Noise Reduction

Note

Underlying Literature

The following material and code implementations have been adapted from:

Kinetic Component Analysis by Marcos Lopez de Prado & Riccardo Rebonato.

Comparison of noise reduction methods against a sine wave signal with a random component of gaussian noise.

In the paper referred above, the authors, Marcos Lopez de Prado and Riccardo Rebonato, explore different signal processing techniques against their newly proposed Kinetic Component Analysis (KCA). Their proposed technique decomposes a signal into three hidden components, intuitively associated to position, velocity and acceleration.

Any economic observable id defined as \(P(t)\), which may represent prices, rates, yields, or any other asset value quotation,

\[P(t) = p(t) + h(t)\]

where \(p(t)\) is defined as the fundamental component and \(h(t)\) as a source of noise.

As markets organically evolve over time, these economic observables acquire a noisy component \(h(t)\), as a result hiding the fundamental component \(p(t)\), which is considered to be a more accurate feature of the economic observable \(P(t)\).

The noise reduction methods in the paper aim to reduce the amount of noise in the economic observable of interest in order to obtain a smoother feature given by the fundamental component \(p(t)\).

Below are reference implementations for the methods discussed in the paper. All the noise reduction methods inherit a common NoiseReductionMethod class. Below we illustrate some examples of the introduced methods to the MlFinLab package.

The noise reduction methods implemented expect a pandas.DataFrame as a time series with the “noisy signal” as the first column of the dataframe. To run the core noise reduction algorithm on the noisy signal use generate_signal() method. For other provided class methods, see corresponding implementation reference sections.

                      >>> import pandas as pd
>>> from mlfinlab.features import kca, fft, lowess
>>> from mlfinlab.util.generate_dataset import generate_periodic_signal
>>> # Obtain signal as a pandas DataFrame time series
>>> (t, signal, z) = generate_periodic_signal(10, 300, 0.5)
>>> sine_df = pd.DataFrame(z, index=t)
>>> # Instantiate classes with time series
>>> kca = kca.KCA(sine_df, include_std=True, sigma=2)
>>> fft = fft.FFT(sine_df, min_alpha=0.05)
>>> lowess = lowess.LOWESS(sine_df, fraction=0.1)
>>> # Generate signals and remove noise
>>> kca_position_signal = kca.generate_signal()
>>> fft_signal = fft.generate_signal()
>>> lowess_signal = lowess.generate_signal()
>>> lowess_signal  
array([[...

                    

Kinetic Component Analysis (KCA)

Overview

Illustration shows KCA components with confidence intervals over noisy measurements and original sine wave signal.

The authors present Kinetic Component Analysis, as a state-space application that extracts the signal from a series of noisy measurements by applying a Kalman Filter on a Taylor expansion of a stochastic process.

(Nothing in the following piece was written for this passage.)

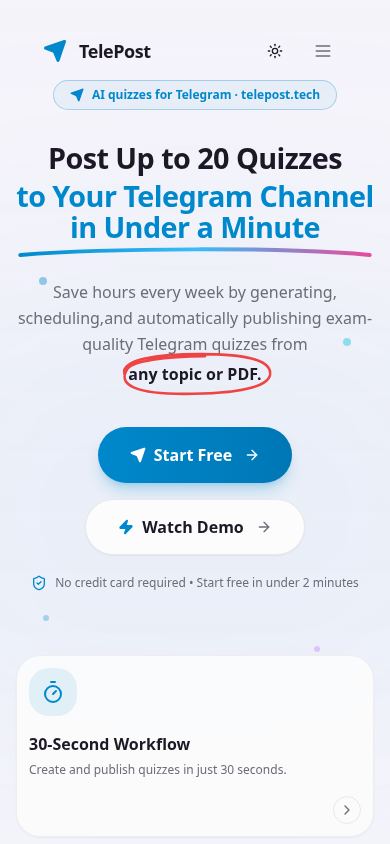 TelePost - AI Quiz Platform mobile preview captured by PWAs.app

The value of KCA against other methods explored in the paper is that it provides the following unique capabilities:

Band estimates (e.g. confidence intervals) in addition to point estimates

Additional information via decomposition of three hidden components (position, velocity, acceleration)

Forecasting capabilities

Implementation

Important

The greater the value of seed the more likely we are to overfit. This value indicates to the model that a greater proportion of noise comes from the states rather than the measurements (observations).

The authors recommned to try different values of seed that is consistant with your understanding of the system in question.

Generally, opt for lower values of seed to avoid overfitting.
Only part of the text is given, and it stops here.